This story was first published in digitalhealth.net

New research from the Institute of Economic Affairs has said that shortages of doctors could be thrust to the centre of the political debate when we emerge from the coronavirus pandemic.
The Is there a doctor in the house? paper argues that shortages of PPE and ventilators have overshadowed shortages of doctors during this pandemic, but that could change when normality resumes.
Research indicates that approximately 30 per cent of doctors on the GP and specialist registers are over 55 years old. The majority (57 per cent) of doctors in training are women, which could lead to a drop in the average hours worked. Furthermore, the UK relies more heavily on foreign-trained physicians than comparable countries: 37 per cent of doctors in the UK qualified abroad, compared with 25 per cent in Canada and the US, 12 per cent in Germany and 11 per cent in France.
While importing doctors from abroad will be essential in the short term, within a decade, the IEA argues, it will be increasingly difficult to meet demand in this way. There will be a shortage of 400,000 doctors by 2030, spread across 32 OECD countries. The international market for doctors could, in turn, become fiercely competitive.
Additionally, pre-existing trends could be exacerbated by the coronavirus pandemic. In the medium to long term, the increased public debt burden and economic contraction may reduce the resources available to the health service. However, the IEA says that there are options to blur job boundaries and tackle pressing shortages, such as addressing where professional protectionism is blocking non-medics from upskilling and lightening doctors’ workloads in key shortage areas.
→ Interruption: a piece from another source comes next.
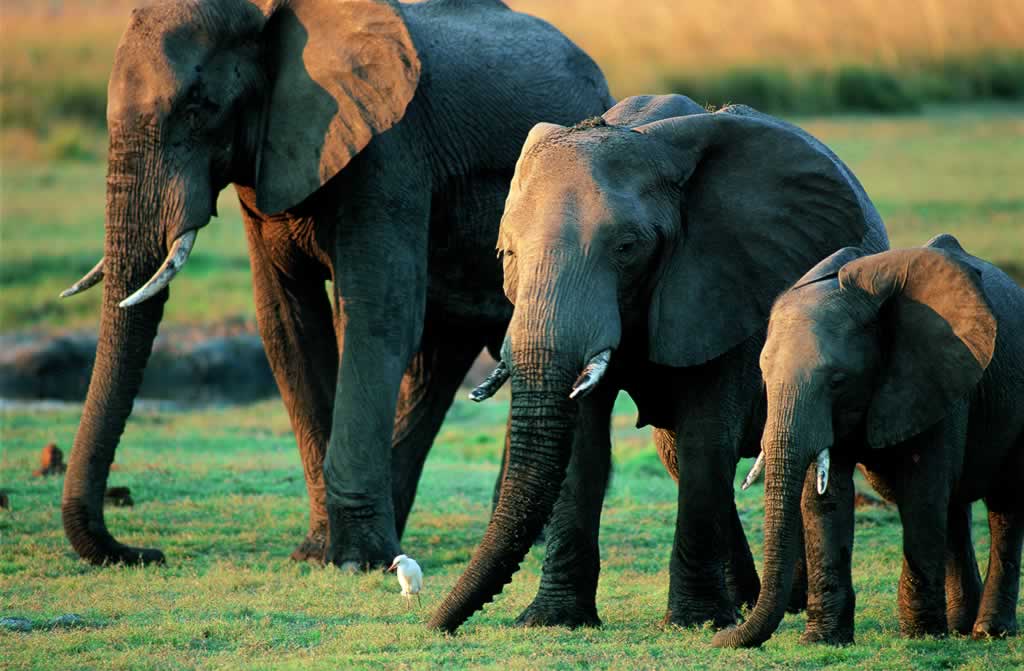 Botswana - Chobe - Loxodonta africana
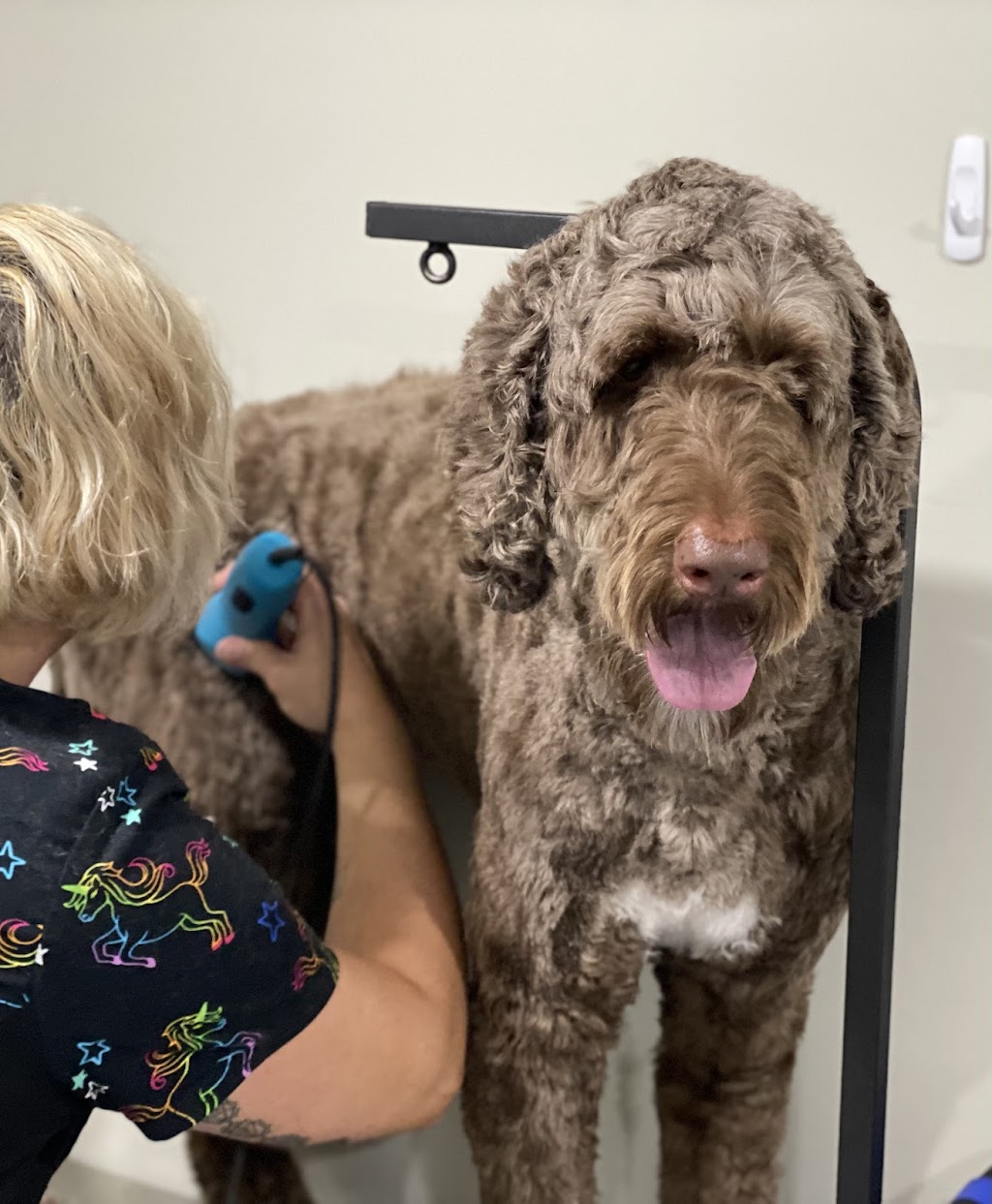 Brooklyn Heights Grooming | 1057 King St E, Oshawa, ON L1H 1H6, Canada | Phone: (647) 938-9013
Mark Tovey, author of report, said: “Currently, the law prevents many dedicated health professionals from stepping up and lightening doctors’ workloads, simply because they do not have the correct job title. At the same time, thousands of biology graduates are ending up on the scrapheap of unemployment, when they could be fast-tracked into frontline clinical roles. It’s high time the NHS kicked out the jobsworths and upskilled its brightest and best, to bring down cancer waiting times, tackle the crisis in mental health and abate the looming global doctor shortage.”